Companies are bombarded with Excel spreadsheets, dashboards, numbers, key performance indicators, and metrics of all varieties. We live in a world where data is coming at us with velocity, variety, and value. Metrics like lifetime value (LTV), lost customers (churn), number of views on website or app, and active customers/users are just some of the go-to metrics when trying to gauge the success of companies. Every startup, small business, or organization will be wondering what the metrics are they should be tracking, and which are the most important. Choosing the right metrics at the right time for your business can be a complicated journey and you may find yourself lost along the path to insights about your customers.
Many businesses often fail when they cannot identify their most important numbers or metrics and are unable to drive growth and set a goal based on those.
For example, if your business only looks at the number of site visits, you are missing understanding about who is coming to your site and why. The number of site visits is called a vanity metric because a high number of site visits has no indication of whether customers are buying their products or how long those potential customers engaged on their website. This business would eventually fail because they are not tracking the metrics that will determine their long-term success.
Being lost in the universe of metrics and your data is a common and critical mistake businesses make. Having the ability to boast about large numbers doesn’t necessarily mean it would be a useful gauge of your success. True insights are formed from understanding your business and the metrics that will help drive YOUR growth. Exploring the path for your business to grow through establishing Footprint Metrics is vital and necessary when you are flooded with all sorts of numbers from various parts of your organization. Cut through the BS and give your business a chance for real growth and stickiness with your customers.

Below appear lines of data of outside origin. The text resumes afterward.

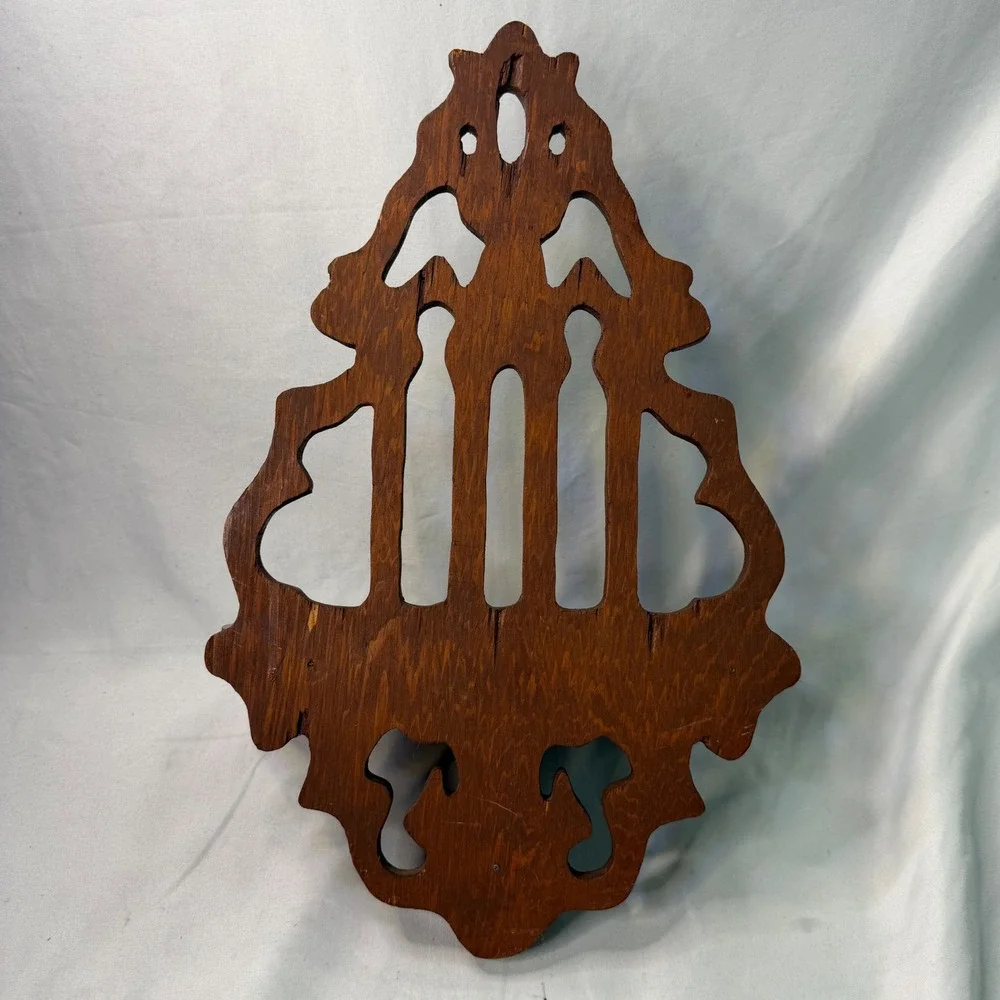 Vintage Ornate Wood Wall Shelf Fretwork Cutout Scalloped Brown Floating Shelf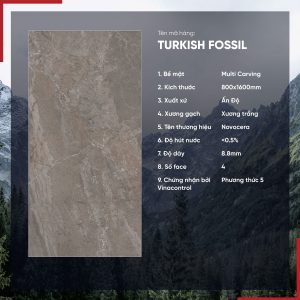 Gạch 800x1600 Ấn Độ Novocera mã TURKISH FOSSIL Men Matt Multi Caving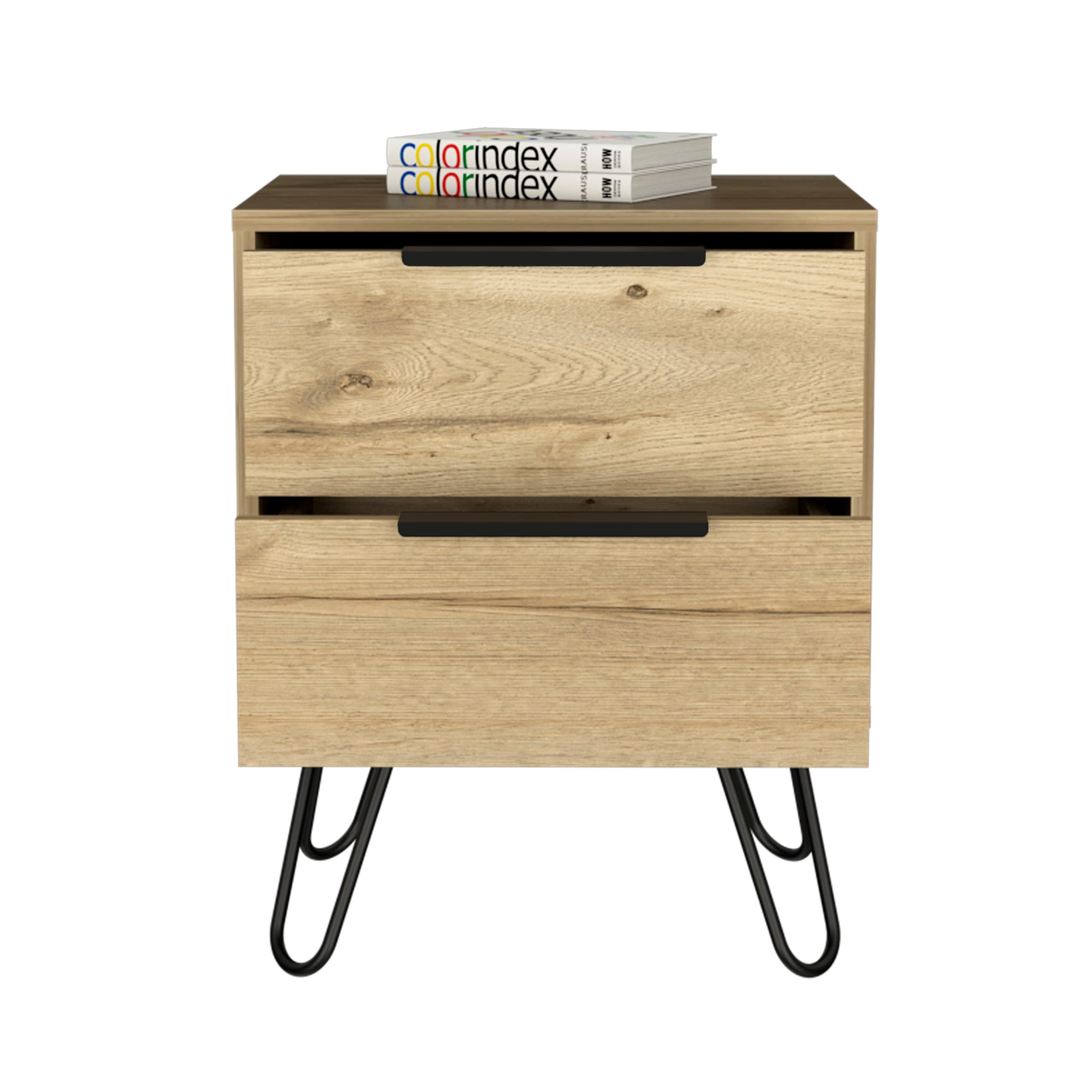 Modern oak veneer nightstand with two drawers and black hairpin legs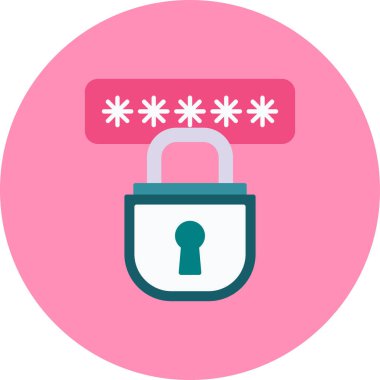 Asma kilit. Web simgesi basit illüstrasyon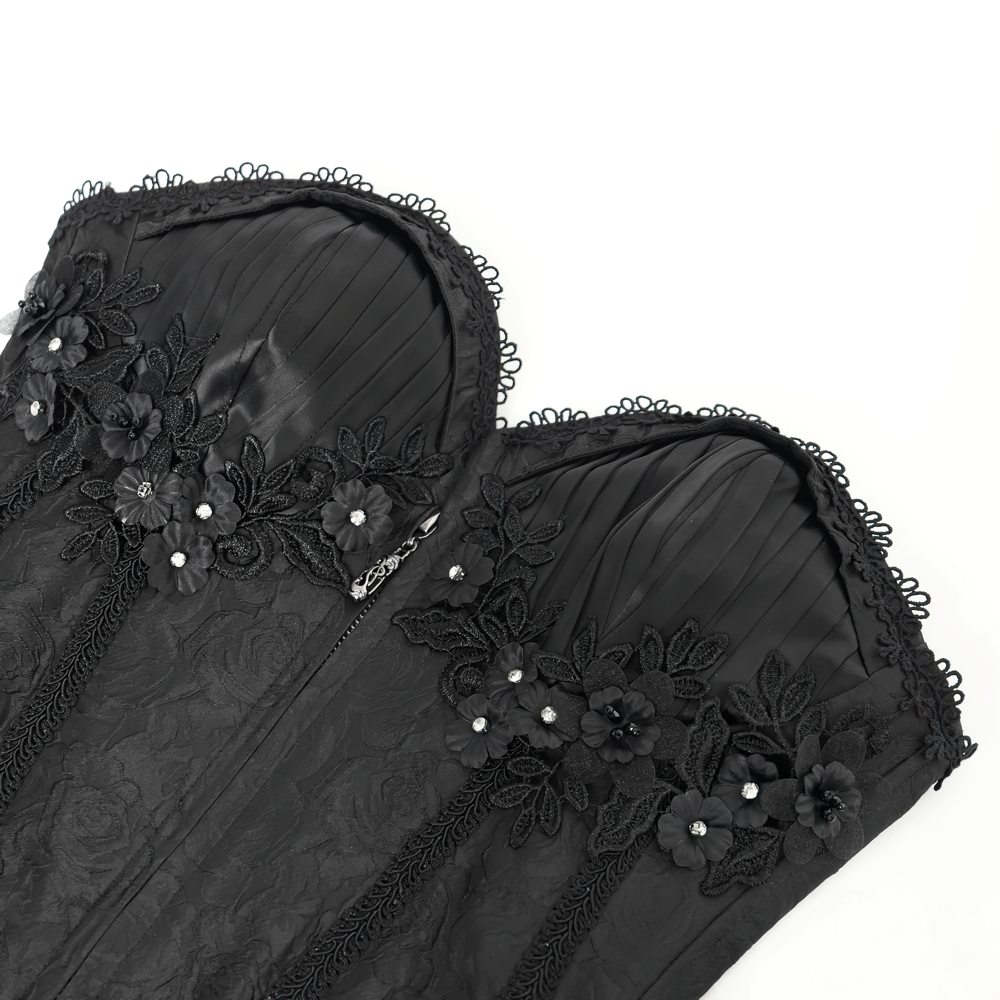 Elegant black lace-up corset with floral embellishments and ruffle details, perfect for a bold gothic fashion statement.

Let’s face it, if you read Lord of the Rings or watched the successful movies, you know that something bad happens when “one ring rules them all”. In the case of a Footprint Metric, we believe that choosing one metric or value or number (whatever you want to call it) is important for those just starting to examine their data in an insightful and meaningful way. Focusing on this one value means that you have a chance to really show growth (or loss) over a specified amount of time. For instance, recently I moderated a panel with Dave Fowler, CEO of Chartio, and he brought up an interesting story about his experiences (2x) in the Y-Combinator in California. He explained that during the intensive incubator period, they were asked to focus on “one metric” to drive toward. It stripped away all the needs for various numbers and cut the distractions for the business overall. They could focus on moving the “one thing” that would really help the business grow.
Others have also argued for this type of key metric approach in previous discussions. According to Sean Ellis, the CEO of GrowthHackers, the “North Star Metric” is the single metric that best captures the core value that your product delivers to your customers and optimizing your efforts to grow this metric is key to driving sustainable growth across your full customer base.
Why is the Footprint Metric important? It gives your company focus. Instead of having 10-50 different metrics for one company and being lost in the many decisions to optimize each metric, your company can concentrate on the Footprint Metric. You’ll unite your team under one common goal and allow them to work towards that collaboratively. This does not mean that other metrics do not matter but that the Footprint Metric is where the most effort should be placed.
When choosing a Footprint Metric, always avoid “vanity metrics”. Vanity metrics are metrics that may seem to be impressive but does not help you fully understand your current performance and future actions that you should take. Examples of vanity metrics are metrics like page views, total registered users and total likes.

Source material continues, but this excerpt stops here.